L’indifférence est le poids mort de l’histoire. L’indifférence fonctionne puissamment dans l’histoire. Elle Travaille passivement, mais elle travaille. C’est la fatalité ; c’est ce sur quoi on ne peut pas se fier ; c’est ce qui bouleverse les programmes, renverse les plans les mieux construits ; c’est la matière brute qui étrangle l’intelligence. C’est ce qui arrive, le mal qui tombe sur tout le monde, arrive parce que la masse des hommes abdique leur volonté, laisse promulguer des lois que seule la révolte peut abroger, laisse les hommes s’élever au pouvoir que seule une mutinerie peut alors renverser. Entre absentéisme et indifférence, quelques mains, sans aucun contrôle, tissent la toile de la vie collective, et la masse l’ignore, parce qu’elle ne s’en soucie pas ; et puis il semble que c’est la fatalité qui domine tout et tous/toutes, il semble que l’histoire ne soit qu’un énorme phénomène naturel, une éruption, un séisme dont chacun est victime, qui voulait et qui ne voulait rien, qui savait et qui ne savait pas, qui était actif-ve et qui était indifférent.e. Certain.e.s gémissent lamentablement, d’autres blasphèment de façon obscène, mais personne ou peu se demandent : si j’avais aussi fait mon devoir, si j’avais essayé d’affirmer ma volonté, que serait-il arrivé ?

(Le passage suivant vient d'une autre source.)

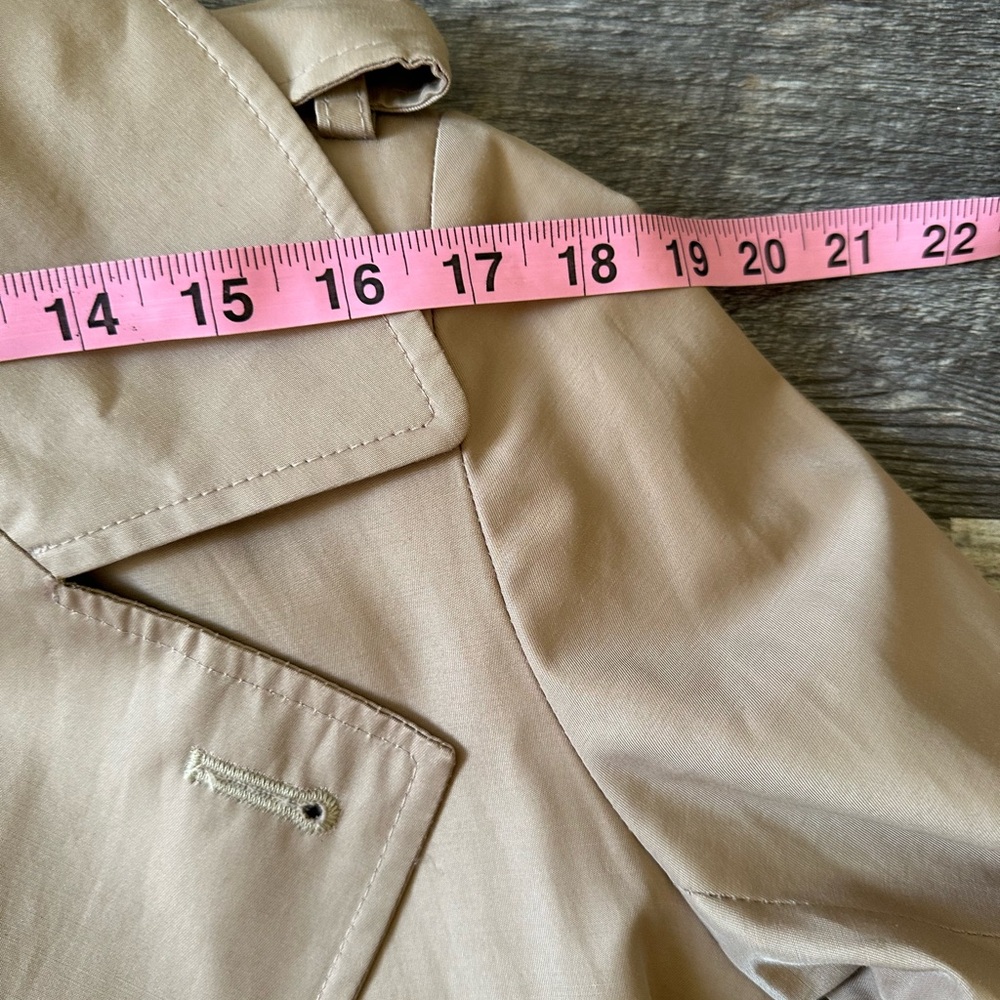 Ralph Lauren Belted water resistant Trench Coat - Picture 6 of 16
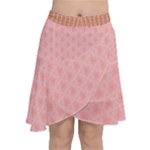 Flower Girl Pink Feathers (2) Thieves (2) Grandma Chic (3) Chiffon Wrap Front Skirt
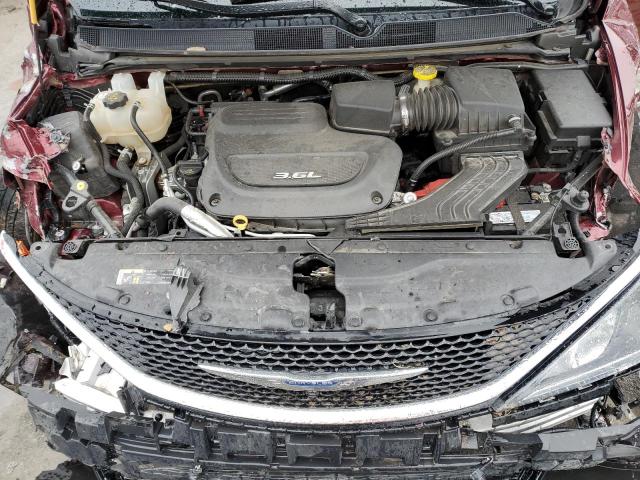 Photo 12 from auction – 2017 CHRYSLER PACIFICA L with VIN 2C4RC1GG2HR599394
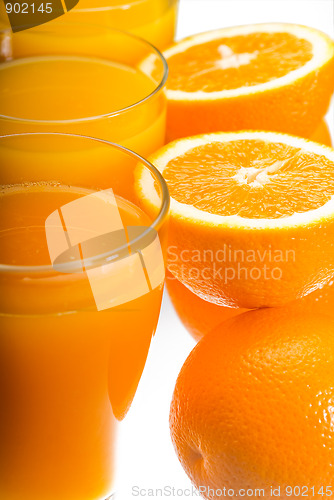 Image of fresh orange juice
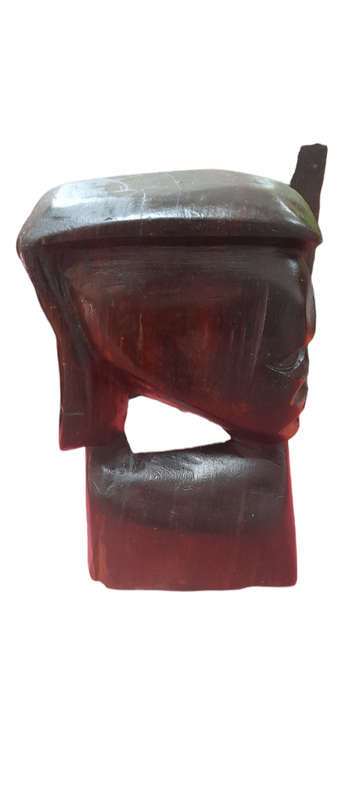 Handcrafted Wood Man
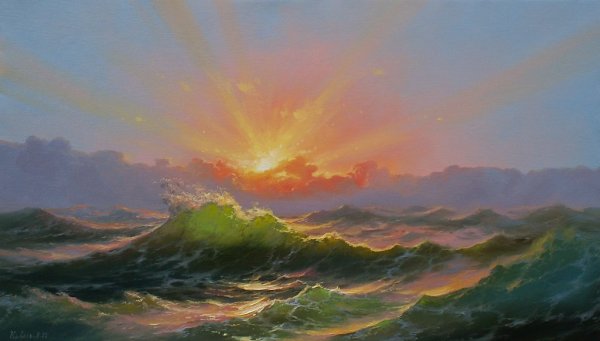 Маринист Владимир Коваль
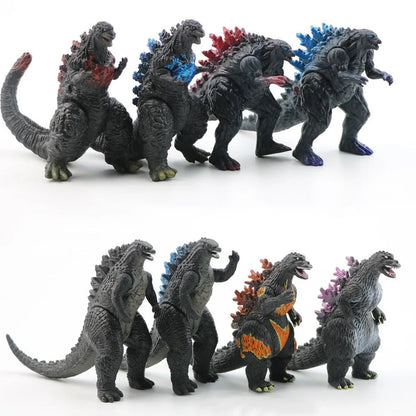 Godzilla Monster Action Figure Set – Pack of 2 Collectible Kaiju Toy Figures for Kids & Collectors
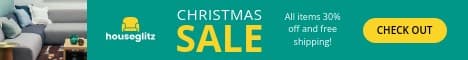 Houseglitz Christmas Sale Main Banner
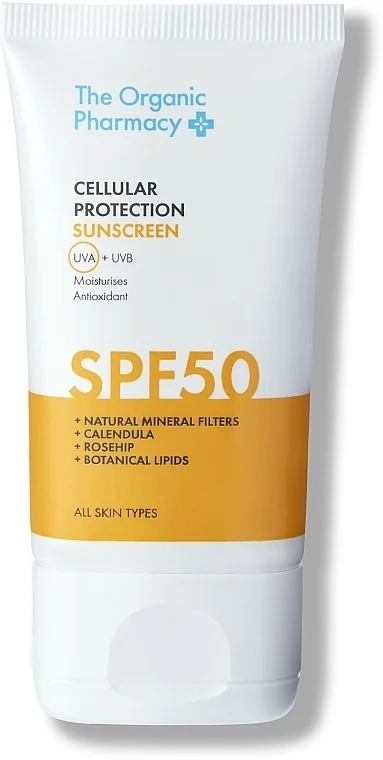 Crema solare SPF50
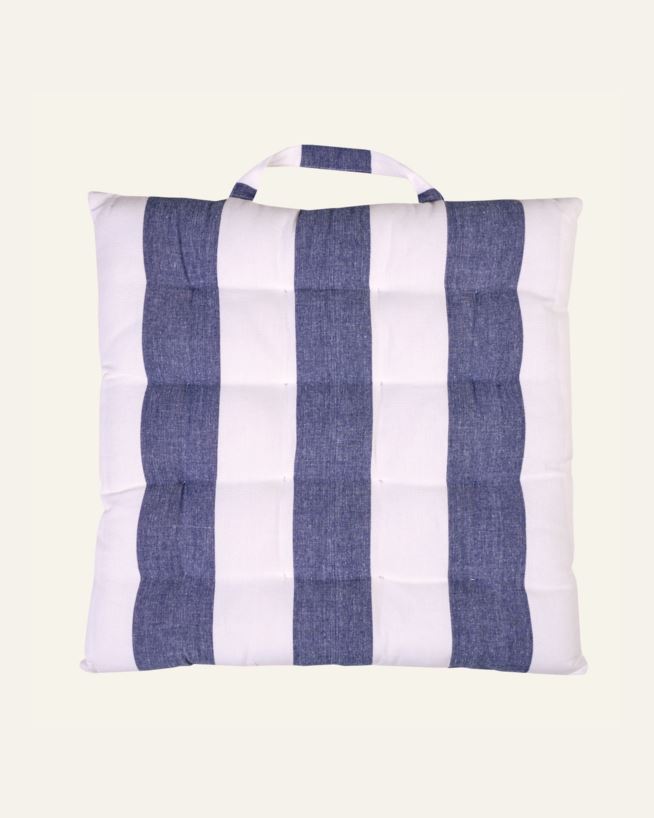 Sittepute marineblå - 50x50x5 cm marineblå - 1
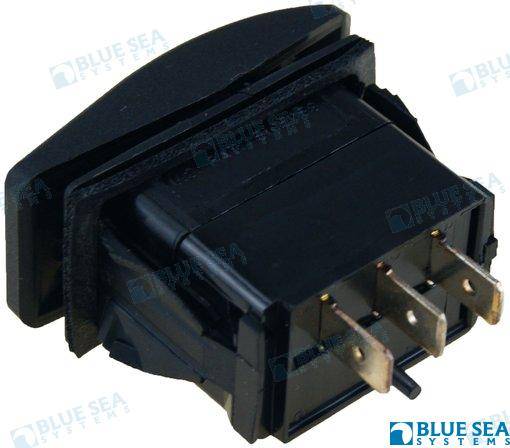 switch spdt (on)-off-(on) black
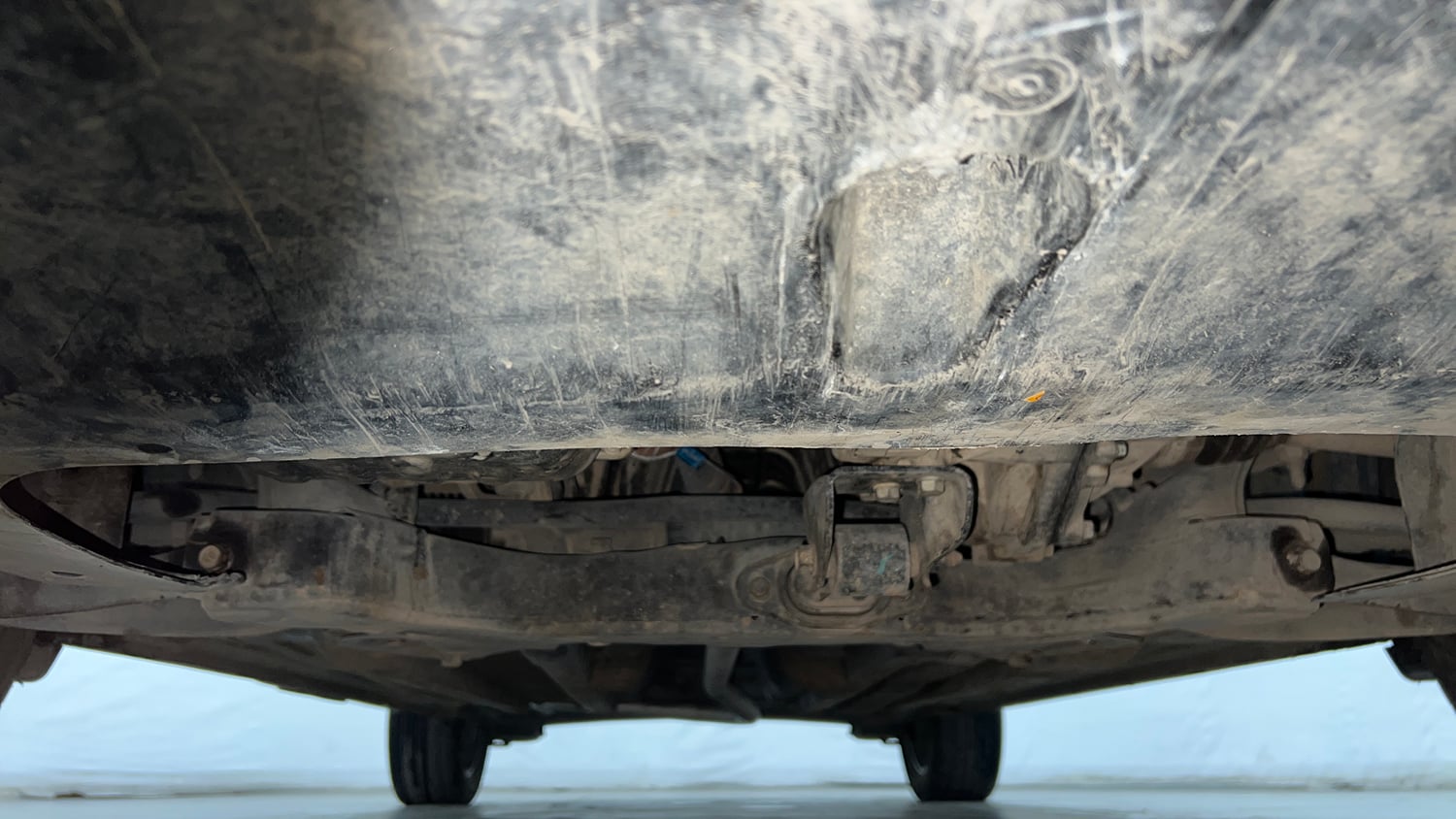 Used 2016 Hyundai i20 Active 1.2 SX Petrol Manual extra FRONT LEFT UNDERBODY VIEW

Je hais aussi les indifférent.e.s pour cette raison : parce que je dérange leurs gémissements en tant qu’innocents éternels. Je demande à chacun.e d’entre eux/elles de rendre compte de la manière dont iels ont accompli la tâche que la vie leur a confiée et de les placer sur une base quotidienne, pour ce qu’iels ont fait et surtout pour ce qu’iels n’ont pas fait. Et je sens que je peux être implacable, que je n’ai pas à gaspiller ma pitié, que je n’ai pas à partager mes larmes avec eux/elles.

Je suis partisan, je vis, je sens dans les consciences de ma partie déjà pulser l’activité de la future ville que ma partie construit. Et la chaîne sociale n’y pèse pas sur quelques-uns, tout ce qui arrive n’est pas dû au hasard, à la fatalité, mais au travail intelligent des citoyens. Il n’y a personne à l’intérieur qui se tient près de la fenêtre et regarde les quelques sacrifices s’évanouir. Je vis, je suis un partisan. Donc je déteste l’impartialité, je déteste les indifférent.e.s.
Antonio Gramsci - Indifférents. 11/02/1917

Notes

[1Guillotière : Pour qui ne connaît/habite à Lyon, il s’agit du quartier le plus ancien de la rive gauche du Rhône qui grâce à son pont (le pont de la Guillotière) permet de développer ce quartier au XIXème siècle car il est le seul pont rhodanien de Lyon. Le quartier devient un important foyer d’accueil, où transitaient de nombreux voyageurs et il gagne la vocation de territoire d’accueil populaire et commerçant, qui dure encore aujourd’hui. Pour qui souhaite en savoir plus, lire son histoire ici.

[2Escadron fasciste (=squadrismo o squadre d’azione) : il s’agit d’un phénomène socio-politique qui a eu lieu en Italie à partir du 1919. Les squadre d’azione était composées par des milices en civile armées et qui avait le but de terrifier et réprimer les avvaires politiques et les ouvries. Le squadrismo a été englobé dans le fascisme qui l’a utilisé comme un moyen pour s’affirmer (s’affirmer avec la peur). Cette modalité d’action persiste encore aujourd’hui, mais dans notre époque elle frappe et insulte les personnes qui ont une différente orientation sexuelle, qui n’est pas français.e, qui n’est pas blanc-che, qui est de gauche ou antifasciste, qui est pauvre et etrangèr.e. Avec ces actions et pensées, la démocratie est en danger.